The Summer of the Shark | The Lincoln Logue
We're addicted to catastrophe and the MSM is our dealer.
It was about 8 in the morning. The shadows had begun their long stretch into the fall. In Minneapolis, where I lived with my fiancé, you try to squeeze out every last drop of warmth and sunshine before winter drops the hammer. When I lived there, I’d mark the moment every year when I felt winter. It was usually in October, right after the sun went down and the wind changed. It wasn’t like a shift in direction. It was a shift in quality, security. You could feel the bite of winter and it was dark.
Anyway. It was still warm, and the light was dusky golden, and it had been a good summer.
I was driving to work in Plymouth, pretty much parked on Highway 100, listening to Morning Edition. I don’t remember who the host was, but they interrupted an interview with some breaking news.
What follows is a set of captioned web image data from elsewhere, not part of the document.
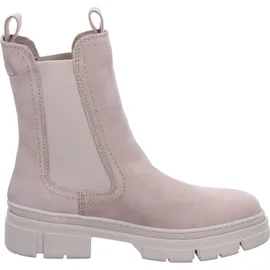 TAMARIS Damen Chelsea Boots, Frauen Stiefeletten,TOUCHit-Fußbett,Bootee,Booties,halbstiefel,Kurzstiefel,uebergangsschuhe,Taupe NUBUC,40 EU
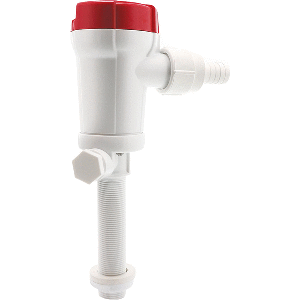 RULE 500 GPH LIVEWELL PUMP STRAIGHT THRU-HULL INLET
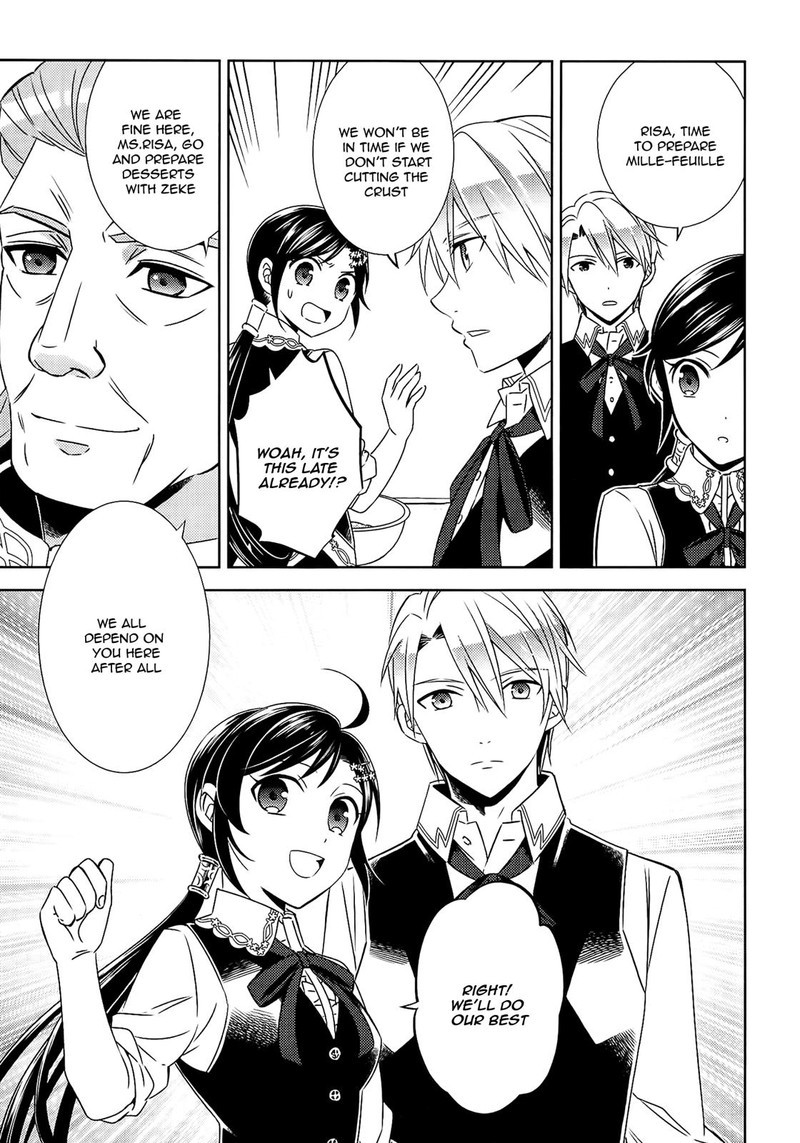 Isekai De Cafe O Kaiten Shimashita 17 23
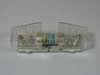 Siba 5019206 Ceramic Fuse 600V w/Mount &Cover 21 189 08 ! NOP !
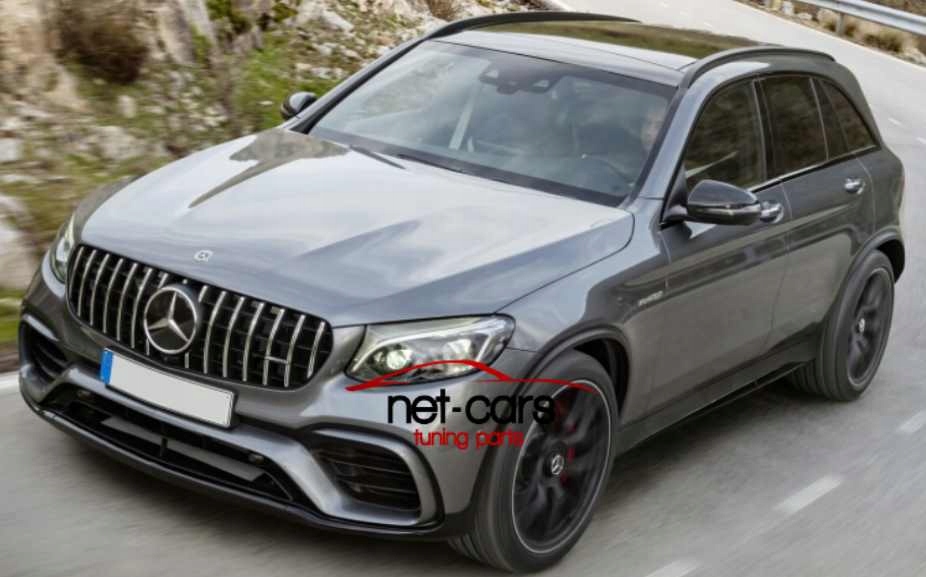 фото №11, Капот крышка багажника mercedes glc x253 c253 15- brabus amg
I need to, uh, break in here for a sec. We’ve got reports that an airplane has crashed into one of the Twin Towers.
I turned the radio up.
Whoever the guest was, they sorta chuckled. I can’t forget that. They said something like, Wow. I know the Empire State Building has been crashed into before, right?
I reached for my Nokia and dialed up my fiancé. We were both breaking news junkies, and I knew she was probably still asleep. I felt giddy about dropping something new on her.
By the time I pulled into the parking lot at work, of course, the world had changed.
The Summer of the Shark
That summer, the country had been in a panic about sharks. Just after the 4th of July, an 8-year-old boy named Jessie Arbogast was severely injured by a bull shark around Pensacola. His arm was bitten off and later retrieved and reattached.
Network news went wild.
Any run-in with sharks after that spun up the machine. A surfer not far from where Arbogast was mulled got a nip on the foot, and the country exploded into hysteria.
Panels were empanneled. Discussion groups discussed. Each and every shark incident was approached with the kind of internal heat and focus you’d find at a train derailment.
Then, on Labor Day weekend, a ten-year-old named David Peltier was killed in the waters around Virginia Beach. Off Cape Hatteras, a 26-year-old named Sergei Zaloukaev was attacked and killed, and his girlfriend, Natalia Slobodskaya, lost a leg.
What the hell was going on with these sharks? Have they finally had enough?!